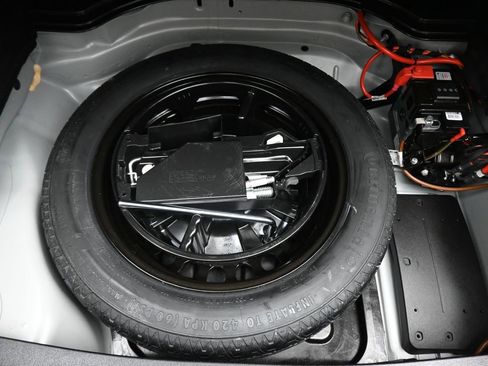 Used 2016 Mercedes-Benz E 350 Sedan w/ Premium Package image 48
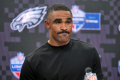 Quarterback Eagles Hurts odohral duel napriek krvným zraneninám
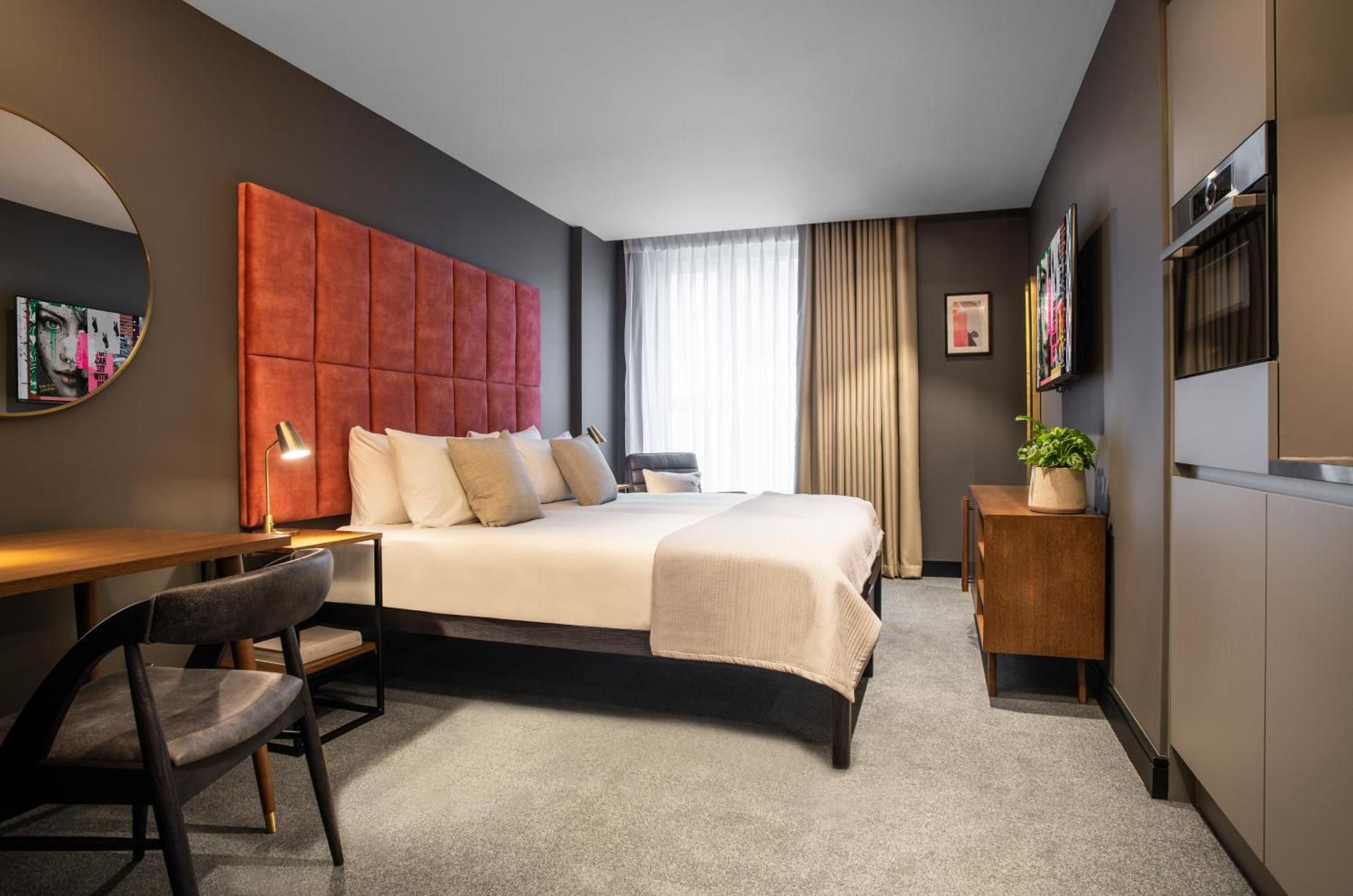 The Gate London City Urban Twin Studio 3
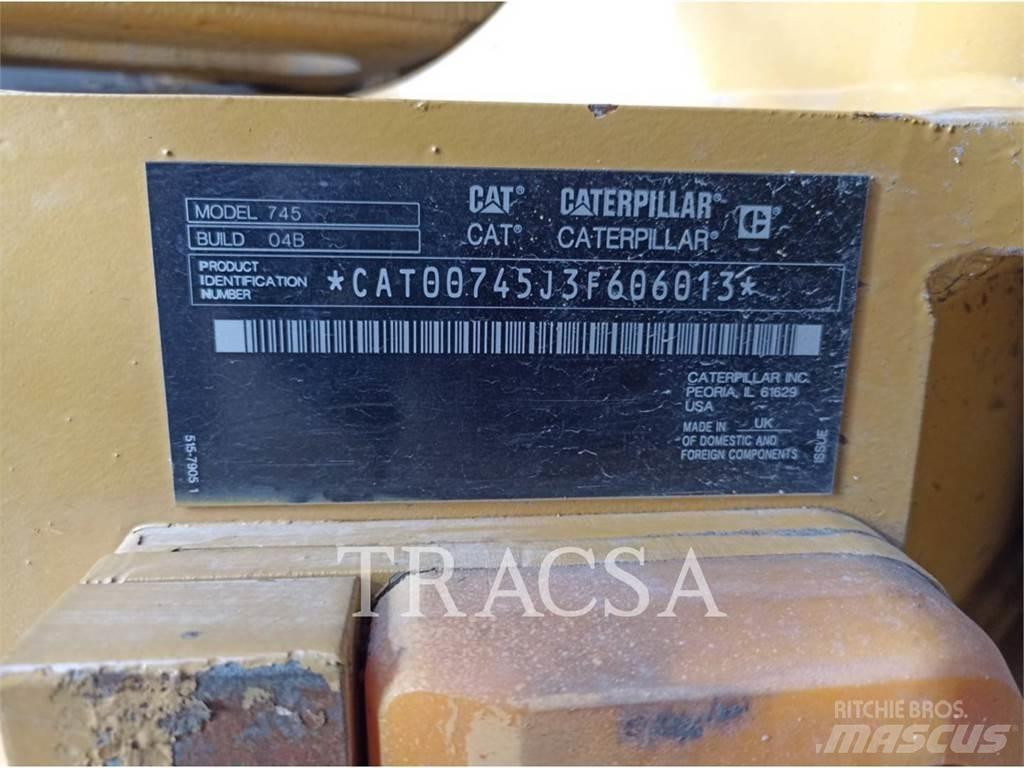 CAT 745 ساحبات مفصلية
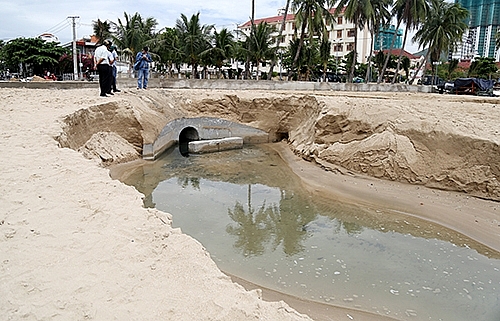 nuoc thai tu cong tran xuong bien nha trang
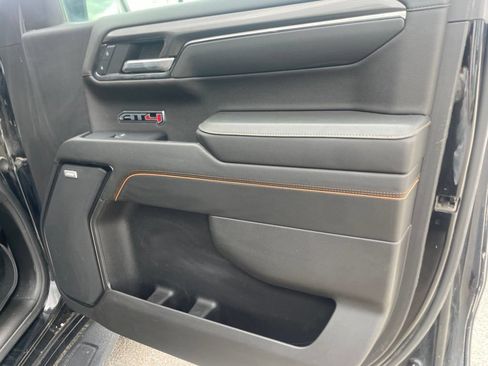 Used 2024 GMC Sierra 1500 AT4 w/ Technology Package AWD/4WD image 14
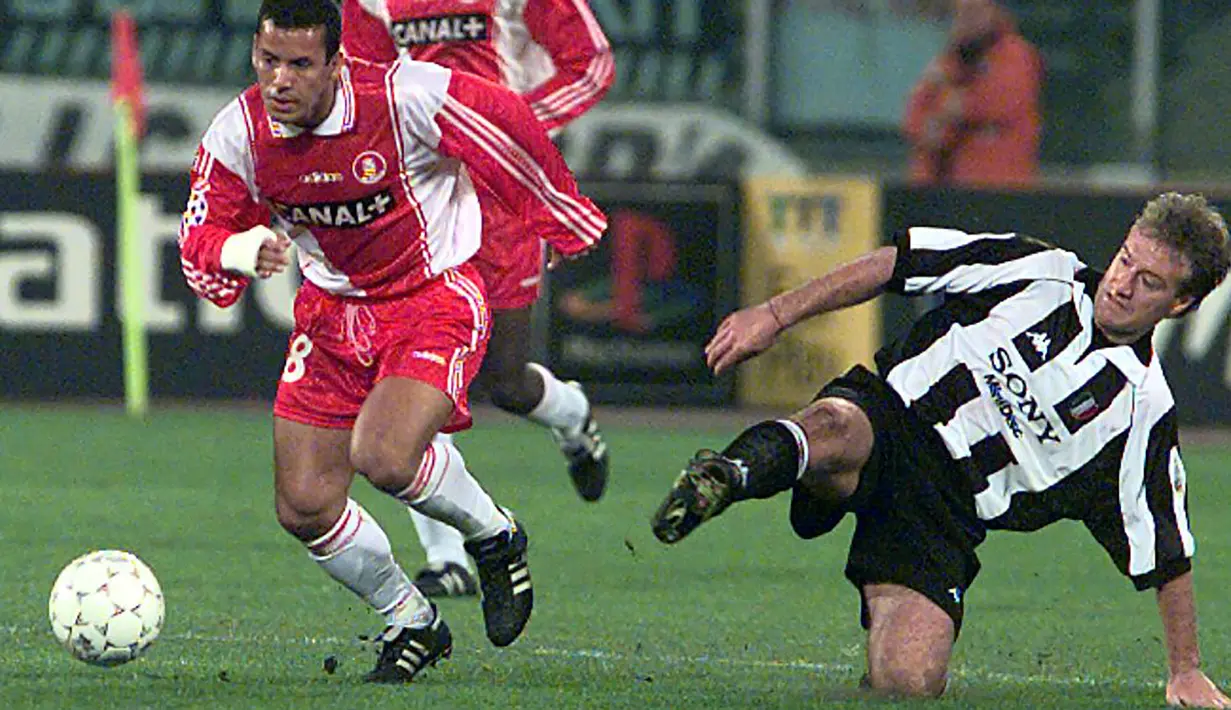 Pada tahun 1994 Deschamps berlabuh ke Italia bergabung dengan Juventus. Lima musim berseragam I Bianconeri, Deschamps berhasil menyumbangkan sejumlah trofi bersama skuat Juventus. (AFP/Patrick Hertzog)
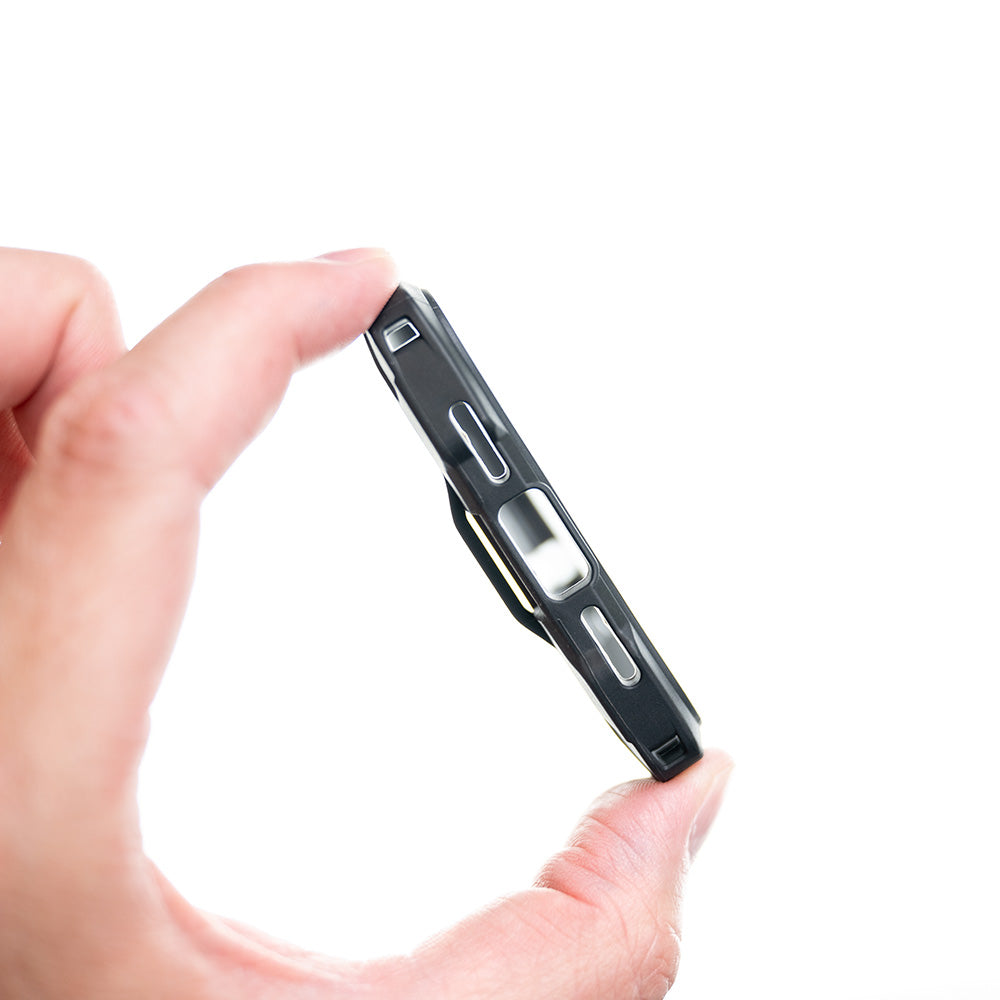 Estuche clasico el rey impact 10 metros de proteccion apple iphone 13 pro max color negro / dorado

Work order – The lines to repeat run from the line containing "Quarterback Eagles Hurts" through the end of the listing above, both included; give them exactly and without pictures.

Expected answer –
 Quarterback Eagles Hurts odohral duel napriek krvným zraneninám
 The Gate London City Urban Twin Studio 3
 CAT 745 ساحبات مفصلية
 nuoc thai tu cong tran xuong bien nha trang
 Used 2024 GMC Sierra 1500 AT4 w/ Technology Package AWD/4WD image 14
 Pada tahun 1994 Deschamps berlabuh ke Italia bergabung dengan Juventus. Lima musim berseragam I Bianconeri, Deschamps berhasil menyumbangkan sejumlah trofi bersama skuat Juventus. (AFP/Patrick Hertzog)
 Estuche clasico el rey impact 10 metros de proteccion apple iphone 13 pro max color negro / dorado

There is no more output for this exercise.